El problema real se da cuando lo complementario pasa a
priorizar en la clínica y cuando un cuerpo sano es sometido a una atención
instrumental para desvelar la posible semiología oculta, la que el propio
cuerpo no revela ni siquiera mínimamente. El cuerpo pasa a ser concebido como
máquina que precisa revisiones periódicas aunque funcione bien, prestando
atención a los dos grandes peligros que muchos quieren neutralizar: los
factores de riesgo vascular y un cáncer incipiente. El número de cribados
preventivos aumenta cada año, haciéndolo también su sensibilidad, mostrando
visible lo invisible y, al hacerlo, olvida lo viejo.
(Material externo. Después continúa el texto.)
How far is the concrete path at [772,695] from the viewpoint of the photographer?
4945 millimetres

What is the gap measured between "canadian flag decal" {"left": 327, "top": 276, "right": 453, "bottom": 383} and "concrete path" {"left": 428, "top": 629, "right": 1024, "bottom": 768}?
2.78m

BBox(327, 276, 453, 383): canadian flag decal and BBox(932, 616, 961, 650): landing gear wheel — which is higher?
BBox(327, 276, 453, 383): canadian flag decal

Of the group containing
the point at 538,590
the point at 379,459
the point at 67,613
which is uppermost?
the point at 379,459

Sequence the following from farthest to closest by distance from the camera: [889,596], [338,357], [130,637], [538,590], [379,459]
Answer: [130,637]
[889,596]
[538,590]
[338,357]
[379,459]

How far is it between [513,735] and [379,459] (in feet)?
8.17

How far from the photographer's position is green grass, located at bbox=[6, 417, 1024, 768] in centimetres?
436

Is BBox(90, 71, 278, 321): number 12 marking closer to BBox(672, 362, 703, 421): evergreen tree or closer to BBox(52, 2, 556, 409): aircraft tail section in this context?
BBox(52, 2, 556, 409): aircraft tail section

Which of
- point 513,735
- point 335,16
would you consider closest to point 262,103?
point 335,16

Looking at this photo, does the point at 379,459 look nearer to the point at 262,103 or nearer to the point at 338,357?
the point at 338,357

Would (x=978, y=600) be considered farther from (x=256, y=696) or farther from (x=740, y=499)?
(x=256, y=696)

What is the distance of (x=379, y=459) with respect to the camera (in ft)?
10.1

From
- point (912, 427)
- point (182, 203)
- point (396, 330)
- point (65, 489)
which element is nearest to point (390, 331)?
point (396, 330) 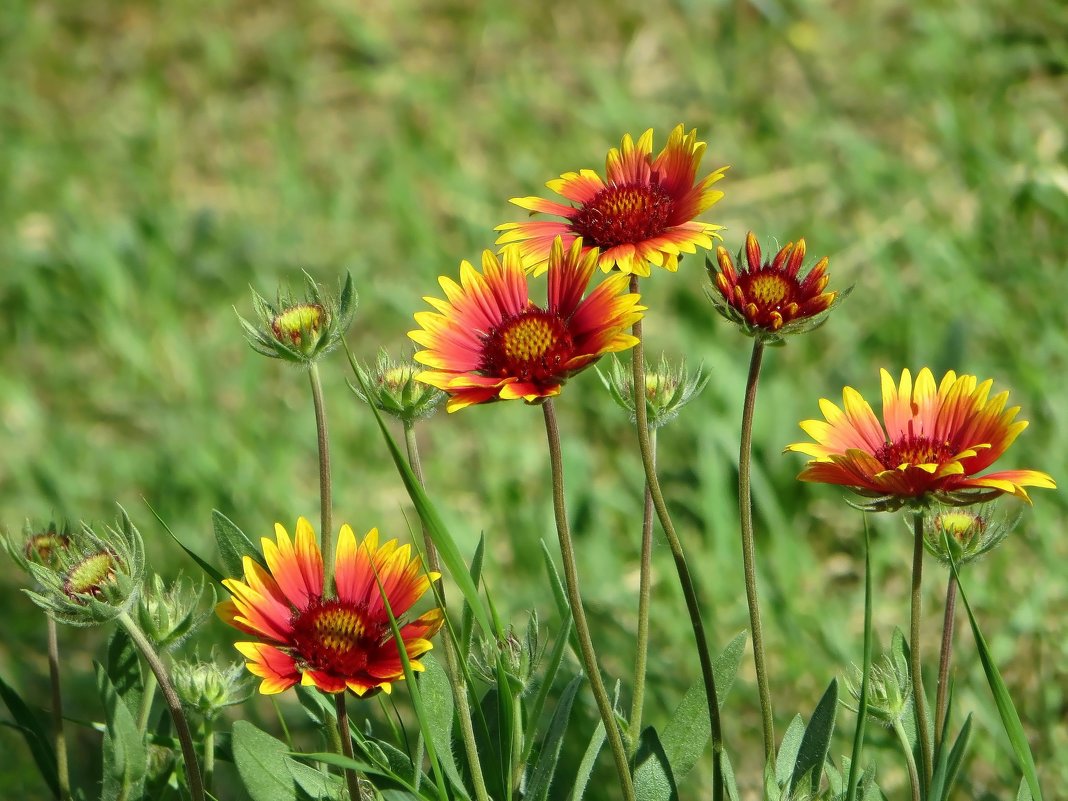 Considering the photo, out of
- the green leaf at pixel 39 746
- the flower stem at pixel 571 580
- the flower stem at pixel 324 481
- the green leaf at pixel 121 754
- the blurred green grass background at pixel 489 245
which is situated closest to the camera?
the flower stem at pixel 571 580

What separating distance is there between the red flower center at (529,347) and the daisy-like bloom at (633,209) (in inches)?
3.2

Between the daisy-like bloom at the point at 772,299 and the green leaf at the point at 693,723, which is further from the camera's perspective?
the green leaf at the point at 693,723

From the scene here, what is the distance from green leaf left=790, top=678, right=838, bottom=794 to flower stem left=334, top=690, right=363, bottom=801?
0.45 metres

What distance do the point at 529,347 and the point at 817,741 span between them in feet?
1.70

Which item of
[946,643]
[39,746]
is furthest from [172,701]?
[946,643]

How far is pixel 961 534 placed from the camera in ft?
4.25

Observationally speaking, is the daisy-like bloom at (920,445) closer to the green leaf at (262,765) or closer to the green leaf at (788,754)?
the green leaf at (788,754)

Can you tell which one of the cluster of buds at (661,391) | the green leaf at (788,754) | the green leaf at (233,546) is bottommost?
the green leaf at (788,754)

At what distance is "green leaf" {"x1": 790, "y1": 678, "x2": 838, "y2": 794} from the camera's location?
4.18ft

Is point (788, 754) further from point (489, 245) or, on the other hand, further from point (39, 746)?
point (489, 245)

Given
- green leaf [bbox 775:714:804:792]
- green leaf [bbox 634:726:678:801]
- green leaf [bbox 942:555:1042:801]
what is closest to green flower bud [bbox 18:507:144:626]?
green leaf [bbox 634:726:678:801]

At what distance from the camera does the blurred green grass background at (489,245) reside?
93.4 inches

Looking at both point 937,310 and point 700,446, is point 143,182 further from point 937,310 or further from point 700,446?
point 937,310

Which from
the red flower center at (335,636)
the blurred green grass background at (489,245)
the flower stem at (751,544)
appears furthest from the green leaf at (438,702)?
the blurred green grass background at (489,245) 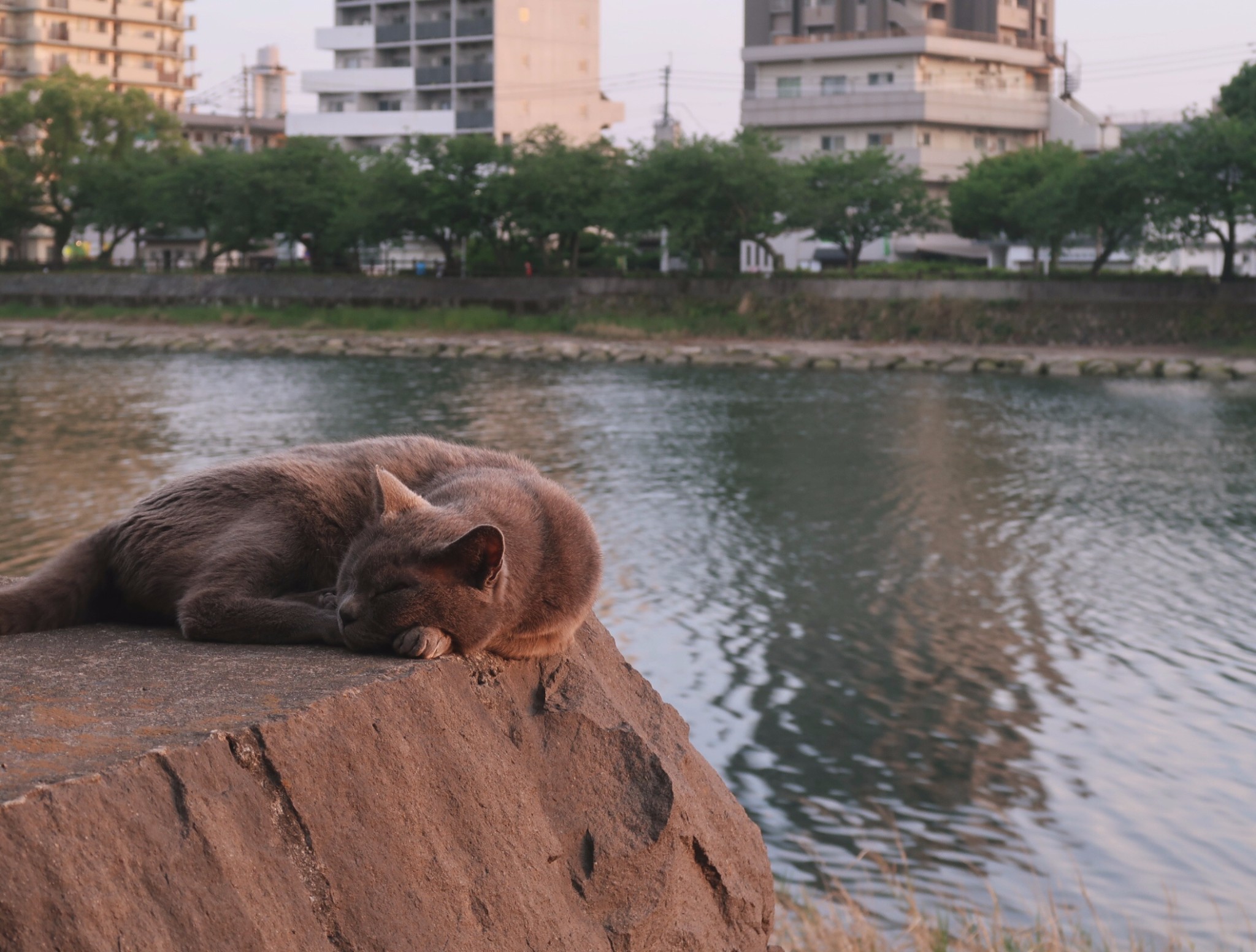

Sucede que la historia
natural del cáncer es vieja e incompleta, viniendo de la mano de la anatomía
patológica clásica y de la casuística. Sin una historia natural moderna (hablar
de “medicina personalizada” con criterios genéticos es un tanto pueril), se
trata de conjurar la vieja mediante el cribado de alta sensibilidad. Pero
ocurre precisamente que el mayor poder de resolución factible con los actuales
sistemas de imagen puede crear una historia falsa: la del cáncer curado que
nunca habría que curar porque no se manifestaría como tal cáncer. Cabe también
la falacia de creer que gracias a un diagnóstico temprano se ha obtenido un
mayor tiempo de supervivencia cuando lo que se consigue muchas veces es simplemente
aumentar el tiempo de conocimiento (no de supervivencia) de la enfermedad por
haberla “cogido antes”. Por supuesto, hay efectos beneficiosos, vidas salvadas
gracias a esas intervenciones, pero ellos no debieran hacer olvidar que el “más
vale prevenir” puede ser la peor prevención en muchos casos.
Y es que cuando la mirada al cuerpo precisa de un
instrumento de visión (imagen médica, análisis, registros eléctricos…) puede
ocurrir que el mero miedo, cuando no el interés comercial del que mira (médicos
y, más generalmente, industria diagnóstica) induzca a que nos obsesionemos por
recordar que tenemos cuerpo, aunque éste esté callado y nos empeñemos en pensar
por él. Por eso parece una buena noticia la iniciativa de prudencia tomada al
inicio de esta década, conocida como “Choosing wisely” (
http://www.nejm.org/doi/full/10.1056/NEJMp1314965), y que viene
a ser una forma moderna de contemplar el “primum non nocere”, optando por
actuar en consonancia con la evidencia existente, evitar réplicas de pruebas minimizando
su riesgo y hacer sólo lo que realmente sea necesario. Dicho así, parece fácil,
pero no lo es en absoluto: supone un saber clínico sostenido por el estudio
constante. Implica también evitar incurrir en la protocolización excesiva, algo
que ya ocurrió con la corriente de la “Evidence Based Medicine”. Teniendo en
cuenta el papel que las sociedades científicas están tomando en esa “elección
prudente” y sus potenciales conflictos de interés, es muy pronto para saber
hasta qué punto logrará los objetivos propuestos. No es malo recordar que la relación
clínica, aunque implique a muchos, acaba siendo siempre de dos y que la vida se
vive… viviéndola, algo difícil, casi imposible, a veces.